_Description of the task_
Omit all images, then repeat exactly the lines below from the one containing "Appartement 5 pièces" through the one containing "221 Black Forest Dr — Photo 2", both ends included.

_Source information_
▬▬▬▬▬▬▬▬▬▬
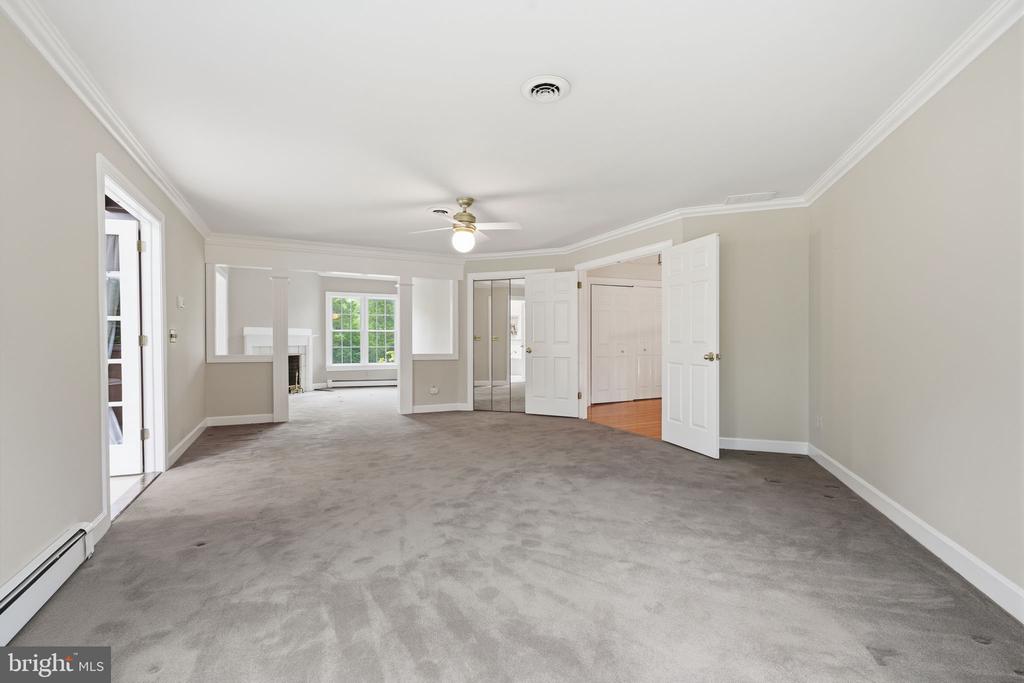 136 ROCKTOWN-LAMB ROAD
▬▬▬▬▬▬▬▬▬▬
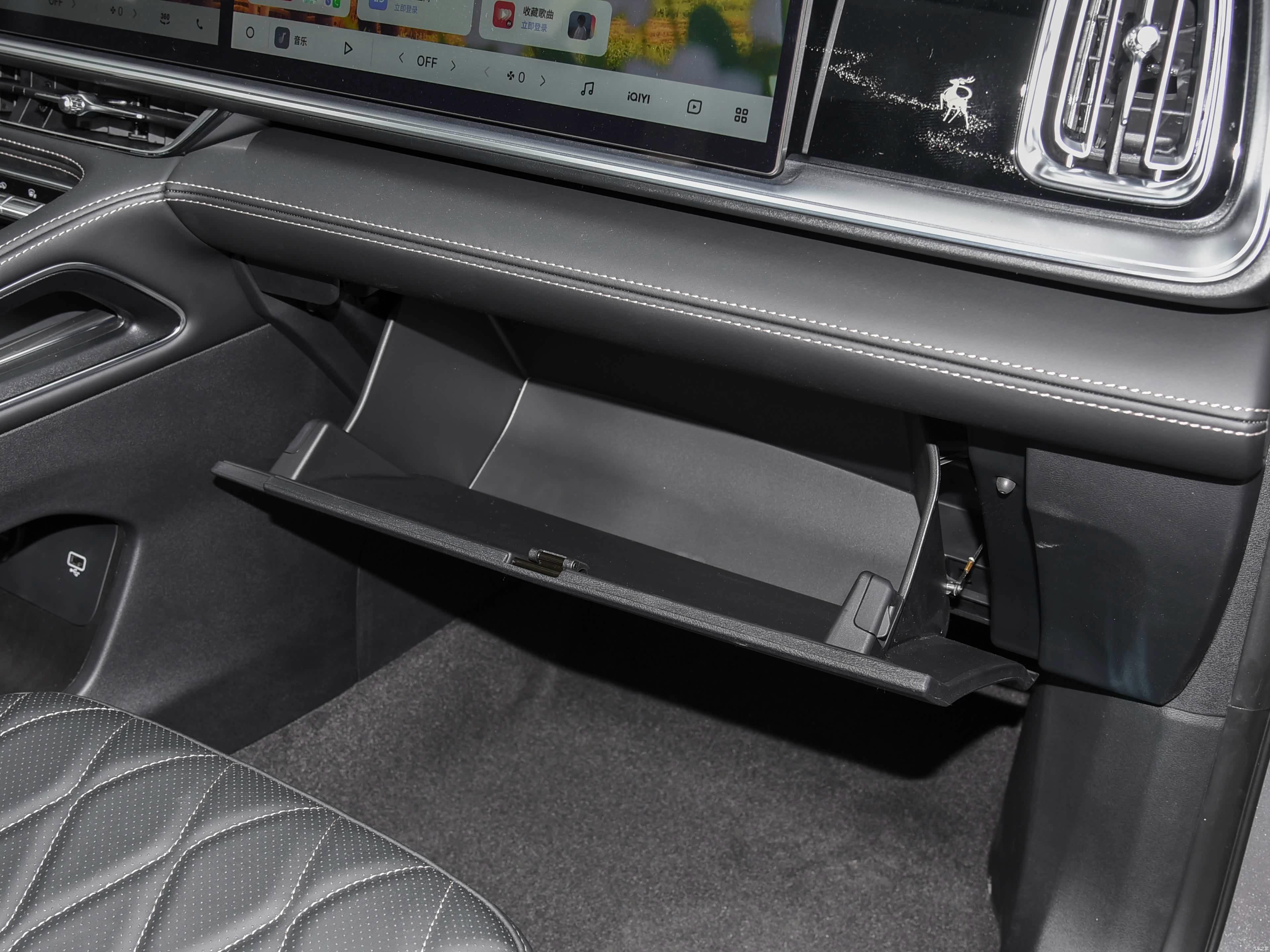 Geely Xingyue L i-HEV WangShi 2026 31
▬▬▬▬▬▬▬▬▬▬
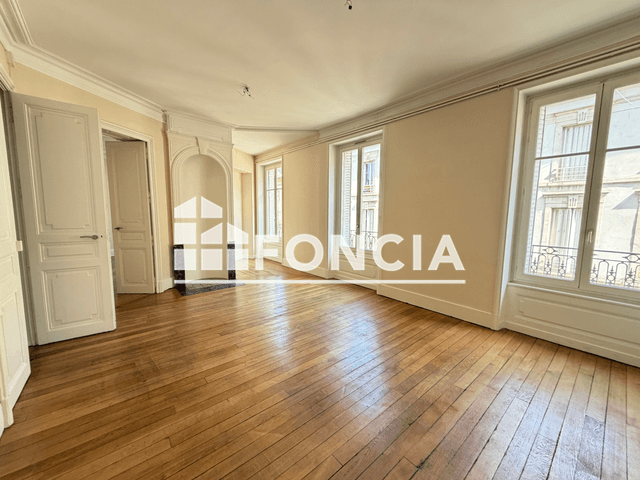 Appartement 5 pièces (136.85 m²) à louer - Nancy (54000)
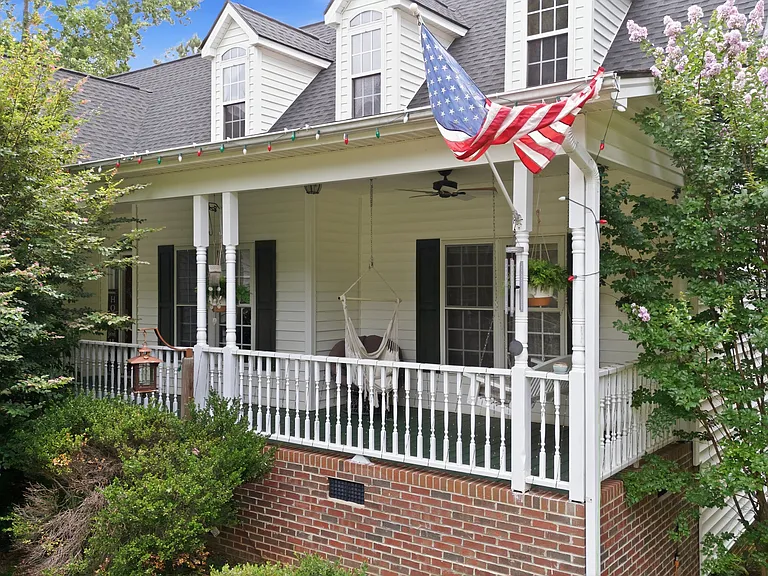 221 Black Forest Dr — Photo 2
▬▬▬▬▬▬▬▬▬▬
_Expected answer_
 Appartement 5 pièces (136.85 m²) à louer - Nancy (54000)
 221 Black Forest Dr — Photo 2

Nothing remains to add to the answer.